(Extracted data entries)
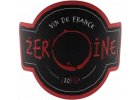 Zeroine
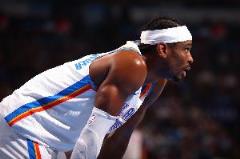 雷霆29勝創(chuàng)NBA歷史紀(jì)錄！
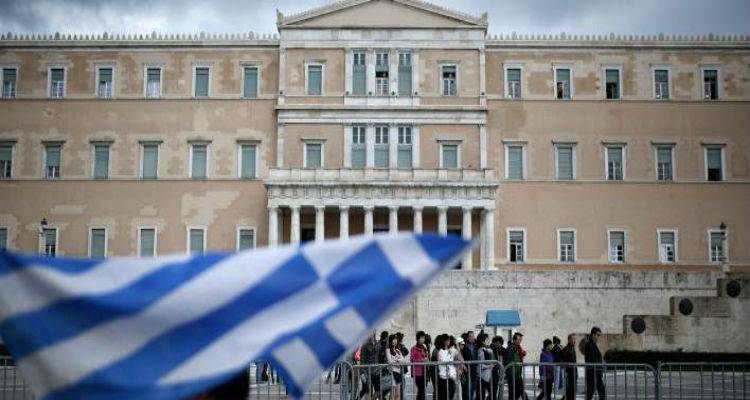 &laquo;&Mu;ά&chi;&eta;&raquo; &sigma;&tau;&eta; &Beta;&omicron;&upsilon;&lambda;ή: &Alpha;&pi;ό&psi;&epsilon; &psi;&eta;&phi;ί&zeta;&omicron;&upsilon;&nu; &mu;έ&tau;&rho;&alpha; &kappa;&alpha;&iota; &phi;ό&rho;&omicron;&upsilon;&sigmaf;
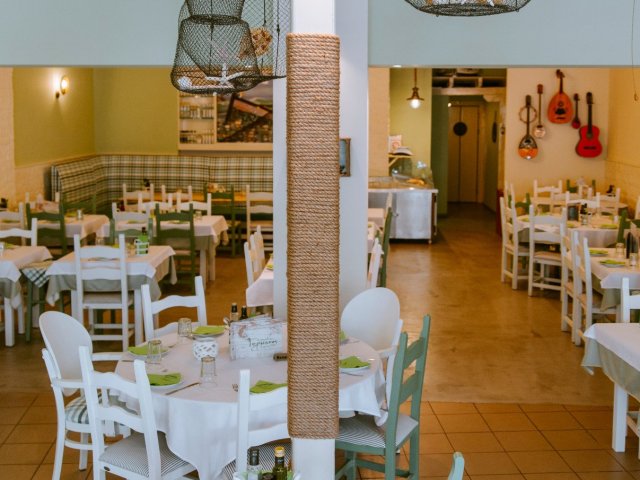 Photo of Germanos restaurant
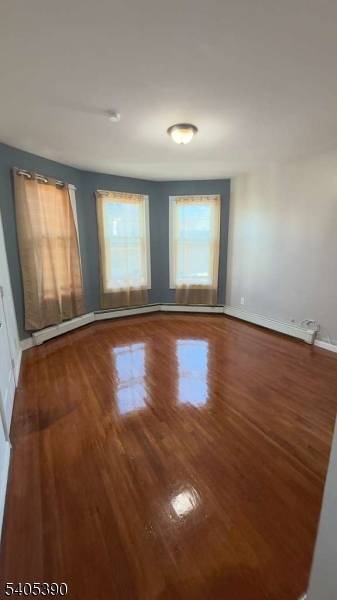 Prospect Park Boro, NJ 07508,289 N 8Th St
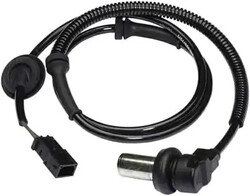 ABS-Raddrehzahlsensor Vorderachse rechts Induktivsensor 90008 MEAT & DORIA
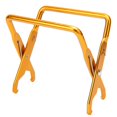 thumbnail image 2 of FLAMEEN Beekeeping Accessories,Durable Aluminum Bee Frame Clip Clamp Beehive Equipment Beekeeping Tool Accessories,Bee Frame Clamp, 2 of 8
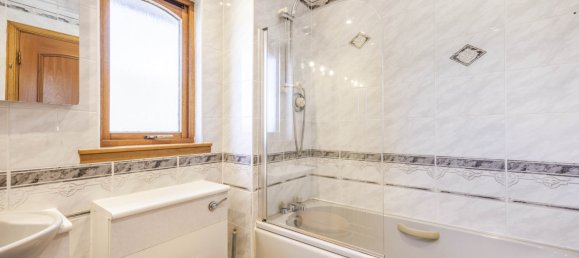 1 bedroom Bungalow in Macduff, United Kingdom No. 1851 14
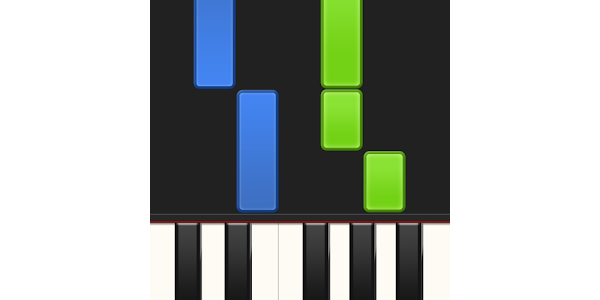 Synthesia Crack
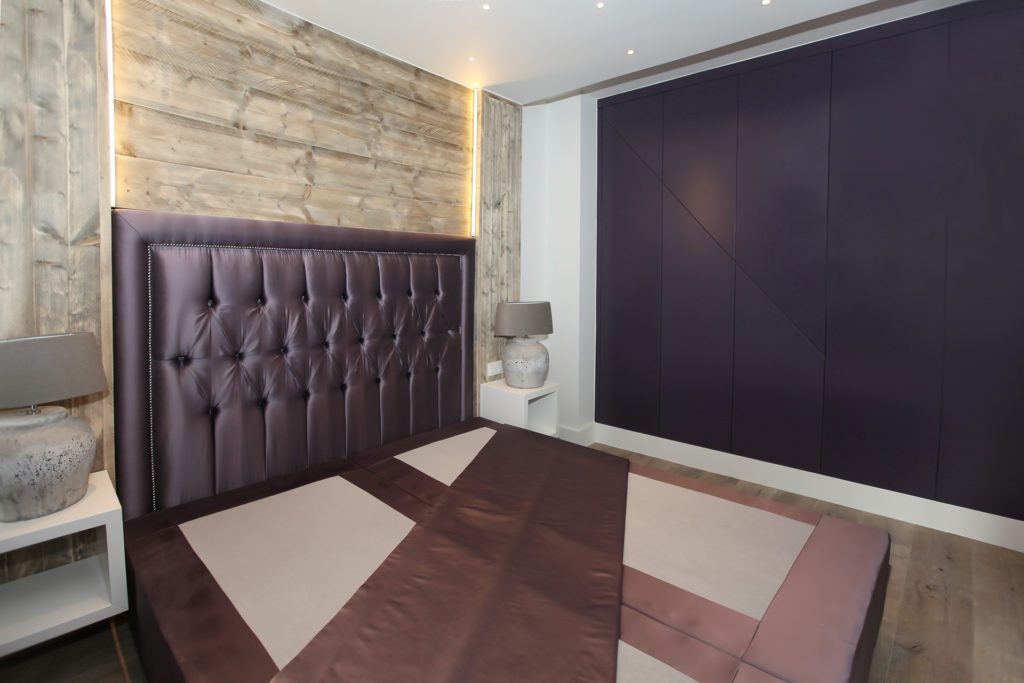 Marcottestyle-slaapkamer-stabroek-2-1024x683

» **Exercise**:
Send back every record exactly as it stands, except the pictures.

» **Finished exercise**:
 Zeroine
 雷霆29勝創(chuàng)NBA歷史紀(jì)錄！
 &laquo;&Mu;ά&chi;&eta;&raquo; &sigma;&tau;&eta; &Beta;&omicron;&upsilon;&lambda;ή: &Alpha;&pi;ό&psi;&epsilon; &psi;&eta;&phi;ί&zeta;&omicron;&upsilon;&nu; &mu;έ&tau;&rho;&alpha; &kappa;&alpha;&iota; &phi;ό&rho;&omicron;&upsilon;&sigmaf;
 Photo of Germanos restaurant
 Prospect Park Boro, NJ 07508,289 N 8Th St
 ABS-Raddrehzahlsensor Vorderachse rechts Induktivsensor 90008 MEAT & DORIA
 thumbnail image 2 of FLAMEEN Beekeeping Accessories,Durable Aluminum Bee Frame Clip Clamp Beehive Equipment Beekeeping Tool Accessories,Bee Frame Clamp, 2 of 8
 1 bedroom Bungalow in Macduff, United Kingdom No. 1851 14
 Synthesia Crack
 Marcottestyle-slaapkamer-stabroek-2-1024x683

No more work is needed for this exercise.